Cimo-Asmd è fortemente interessata alla questione ma ritiene che la stessa non possa prescindere da due condizioni: “L’atto medico ed il rapporto con le altre professioni sanitarie. Sia la bozza di accordo predisposta dal Ministero della Salute ma, soprattutto, il Patto per la Salute demandano ad accordi Stato-Regioni o a Decreti di Giunta Regionali l‘individuazione e l’attivazione di percorsi di ‘approfondimento professionalizzante’ che, tuttavia, entrano a “gamba tesa” sui percorsi diagnostico terapeutico assistenziali o sui processi clinico assistenziali”.

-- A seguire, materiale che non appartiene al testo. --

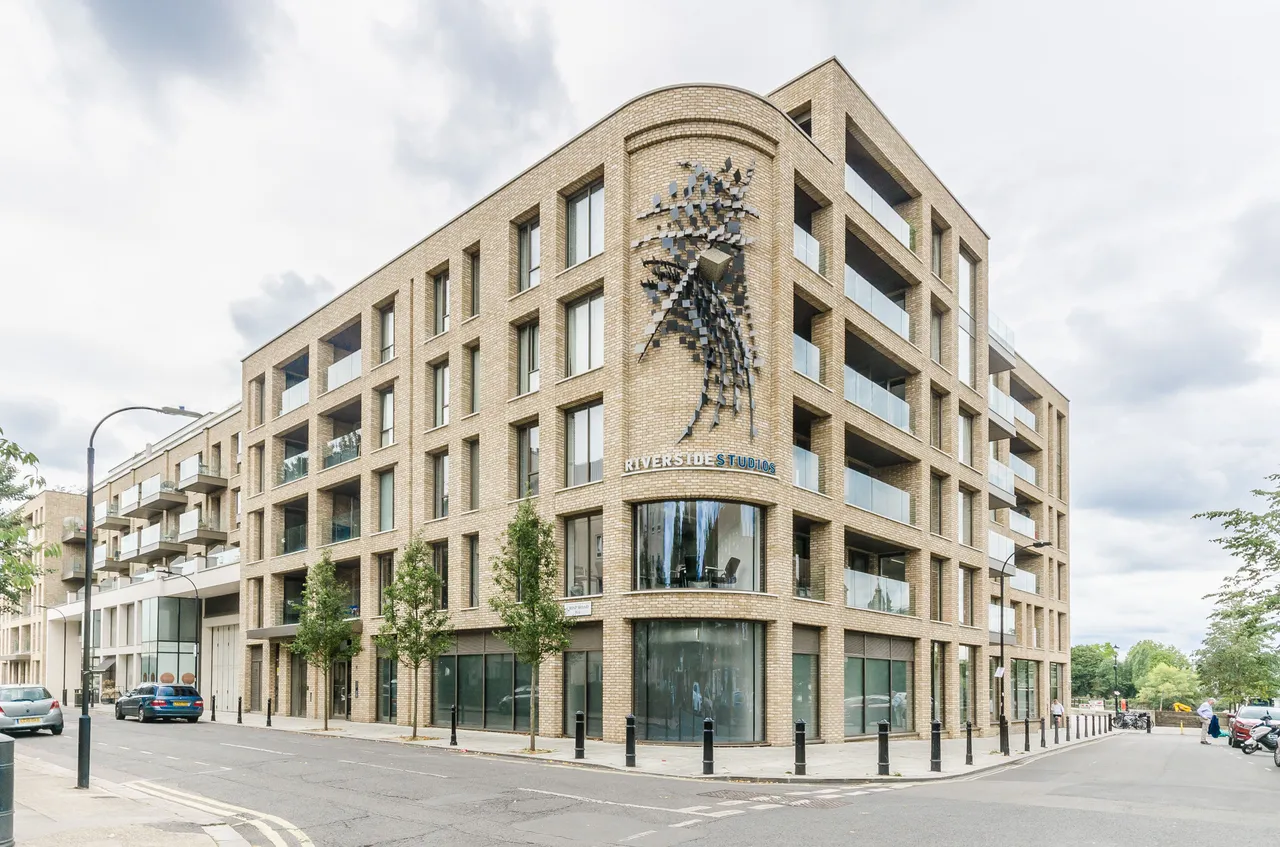 2 bed flat for sale — Flat 55, Queens Wharf, 2 Crisp Road, London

“Da qui l’esigenza, per il medico, di andare oltre la dirigenza prevedendo una categoria professionale speciale. In sintesi – ha concluso Quici – Cimo-Asmd ritiene che la riapertura di un tavolo contrattuale potrà essere oggetto di un confronto serio e costruttivo; tuttavia non è disponibile a firmare nessun accordo che penalizzi ulteriormente le condizioni giuridiche dei medici dipendenti del Ssn”.